A straightforward example is data stored in CSV files. In this scenario, let’s assume that each row in the CSV file has the same number of columns. An example of such data might look like this:
Row 1,3.450,Data Value 1,1999-09-08 Row 2,6.789,Data Value 2,2000-01-23
In this example, it’s easy to map to a relational model because the data is already represented relationally. The only difficulty is determining the metadata for the columns in the CSV. You could do a few things: map the columns to string, create another CSV file specifically for holding metadata about the other CSV files, create another file (such as XML) that is associated with each CSV file and contains the metadata about that file, or put in a header line containing the metadata to name a few. The only important thing is that you can create code which exposes this data and metadata.
A more complex example involves using a JSON data source. There are several ways to map this type of data. Consider the following (contrived) data sample:
{
"order": {
"id": "1",
"value": "customer1",
"receipt": {
"items": [
{
"value": "item1",
"price": "5.55"
},
{
"value": "item2",
"price": "4.22"
}
]
}
},
"order": {
"id": "2",
"value": "customer2",
"receipt": {
"items": [
{
"value": "item3",
"price": "3.45"
}
]
}
}
}
Notice that in the second JSON document, there is one element in the “items” array, while there are two in the first. To map this data to a relational model, there are two different approaches. In both cases, it is essential to know the complete set of fields present in all the JSON documents. This can be achieved by having the user enter them manually, have the driver sample the available documents (perhaps scanning through the first N documents), or by using a combination of these methods.
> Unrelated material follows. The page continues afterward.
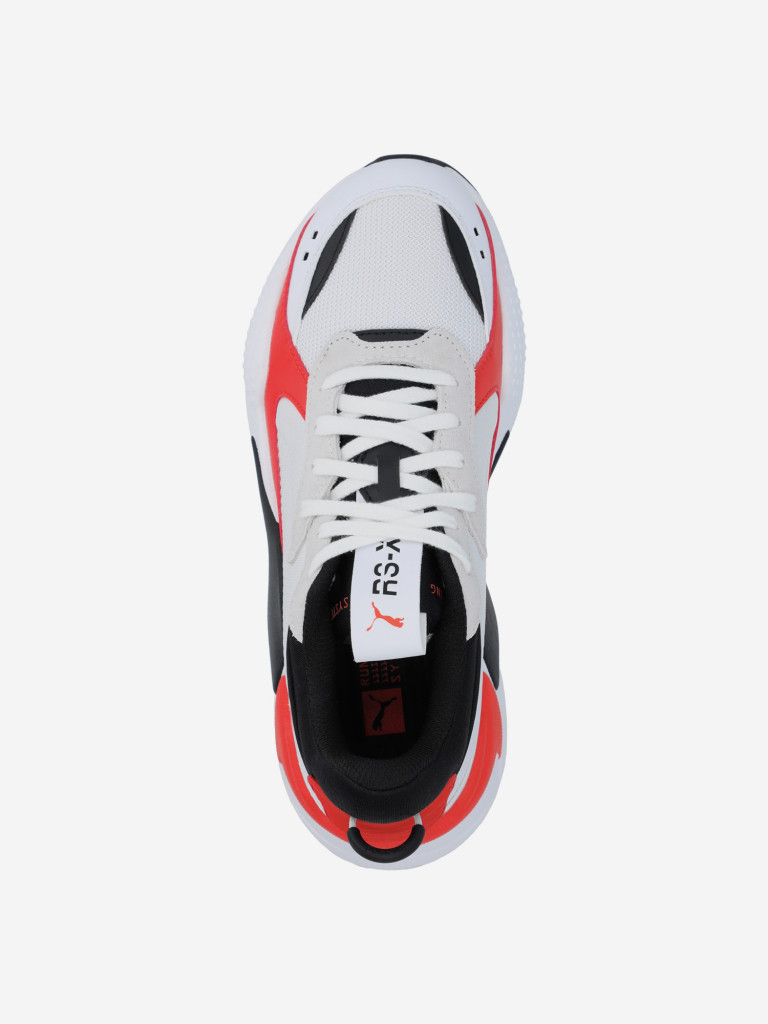 Кроссовки детские PUMA RS-X Mix Jr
Once you have identified the complete set of fields, you can begin mapping this data to a relational model. A straightforward approach is to flatten the data into columns, with each element in the array becoming a separate column. This way, the data would be represented as:
| id | value | receipt.items[0].value | receipt.items[0].price | receipt.items[1].value | receipt.items[0].price |
|---|---|---|---|---|---|
| 1 | customer1 | item1 | 5.55 | item2 | 4.22 |
| 2 | customer2 | item3 | 3.45 | <NULL> | <NULL> |
In the second row, there is no second element in the array, so NULL values are used instead when returning the relational data. Similarly, if a field appears in one document but not in another, NULL will be substituted for the missing field. While there are other approaches for mapping this data, we will leave those as an exercise for the reader.
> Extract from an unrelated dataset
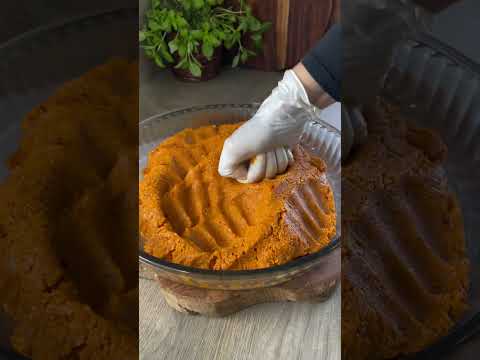 Yıllardır yaptığım tam ölçülü mercimek köftesi✨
A third and final example would be taking a key-value store and mapping that to a relational model. There are many different types of key-value stores, with many different subtleties, and it would make for a very long post if we were to consider all of them. Instead, let’s imagine a hypothetical key-value store which follows the example below:
key1
value1
value2
child2
key2
value3
In this case we have two “master” keys (key1 and key2), where key1 has two values (value1 and value2), and value2 also has a child (child2). key2 only has one value (value3) with no other children. A simple mapping of this would be to treat the keys as columns, their immediate values as columns, and any subsequent children as columns as well. Applying this to the above example would then result in the following mapping:
| key | firstLevel | secondLevel |
|---|---|---|
| key1 | value1 | <NULL> |
| key1 | value2 | child2 |
| key2 | value3 | <NULL> |
Note that the column names have been synthesized and the types are not specified for this example. It would be easy to adapt the strategies employed in the previous example, which is also left as an exercise for the reader.
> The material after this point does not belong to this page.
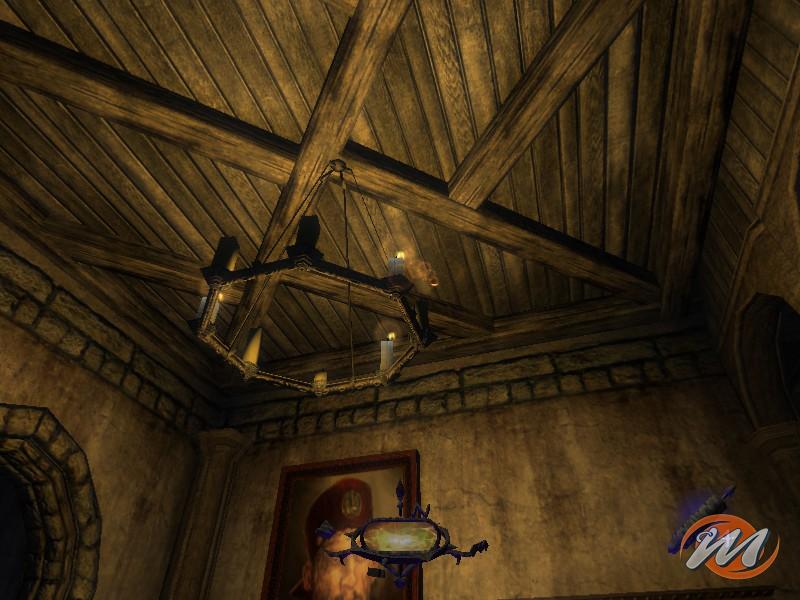 Thief: Deadly Shadows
There are many other ways to represent this data relationally and numerous other data models that can be mapped. Over the years, we have encountered a variety of data types and successfully mapped all of them into sensible relational representations. Once this mapping is complete, it takes just five days to have your read-only ODBC driver up and running, connecting to the application vendor of your choice!